This is where we ended up.

Again they are basically the same on the outside.  There were significant changes on the inside.  As in the Vertical Generator, we really started here.

This one took much longer to redo than the last one.  And it still needs some cleanup.  

The first issue is just how slow can I make the motor turn with a PWM input.  I have never been happy with the approximate 1100 Hz that LEGO used in its design.  One it makes a lot of noise.  The PWM frequency will resonate and if a PWM frequency in the human audio range is chosen, you can hear it.  The lowest PWM value is about 50%.  Below that it just hums at 1100 Hz. All of the other motor PWM designs I have done in the past, including a fishing trolling motor, I used 15 KHz or higher.  That way only the dogs could hear it.

Motor speed on the space guns on this module is important.  They can't just swing from one side to the other.  It has to be some slow movement that looks controlled.  When testing at 50%, they were moving faster than I wanted. 

The gear reduction on the left is for the space guns. Some of this was driven by where the motors had to go and also to make space for the Brick Buddy 3 controller.  Independent motor control was not important.  Thus we have a long shaft that runs the length of the module.  This drives the two Space Guns in opposite directions.

The Horizontal generator on the other hand could go quite fast as does the two vertical cylinders.  The speed control provided by this gearing arrangement was more than sufficient for what I wanted.  The gears on the left in the above picture power this set of features.

This shows the Brick Buddy 3 about to be put into place.  I have run the motor cables through the module.  And have run the power to the AUX port to power the Brick Buddy 3.

The Brick Buddy 3 is in place now and the motors are connected.  Most of the covering is also in place.   Unfortunately I will have to remove some of this when I run the wires for the LED lighting.  

The first LED Lighting is in the control room area.  I added three LEDs that were not there before.  This LED is behind the control room and will light up the area directly in front of the generator.  This module was always dark until the generator turned on.  I never liked that and this changed is meant to correct this issue.

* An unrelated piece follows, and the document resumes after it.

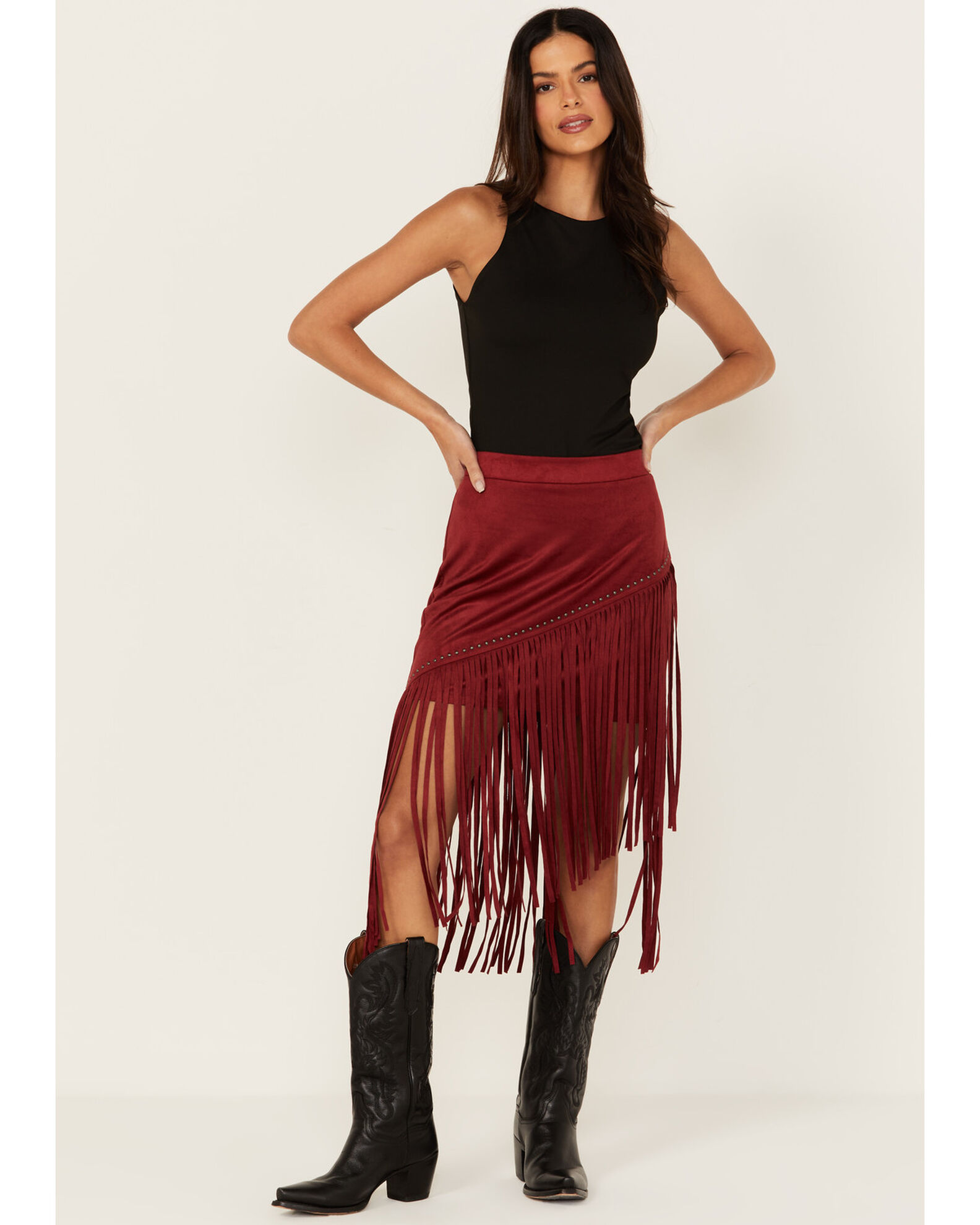 Idyllwind Women's Shiloh Faux Suede Asymmetrical Fringe Skirt, Dark Red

In the control room I added two LEDs.  One is white and one is red.  My thinking is that in the beginning, the white LED will be on.  When the generator starts to spin up, the light will changed from white to red.  The picture also shows how the wiring runs between to 1x1 round plates to the other side.

You cannot see it (by design I might add) the wiring.  It runs on the right side behind the three 1x1 round bricks.  The round brick on the far right side is concealing a small gap in the wall that the wires run down.

Here you can see the gap at the very top of the picture.  This runs down to the Brick Buddy 3 using the PCB connection device.

This shows the LED wiring for one of the Space Guns.  The wire runs down behind and the underneath the two cones.  This design keeps the wire tight to the back of the Space Gun.  Then it runs underneath the plate and between two 1x1 round plates.  This keeps the wiring centered on the Space Gun.

These two pictures show the wiring going into the wall, between to 1x1 round plates.  The space between the two plates is quite large and allows for wiring to run in between.  The picture doesn't show it very well, but the hole in the wall is directly behind the Space Gun.  This allows for minimal service loop to allow the gun to rotate.  While the wire might look like it is close to the gearing, there is actually quite a bit of distance.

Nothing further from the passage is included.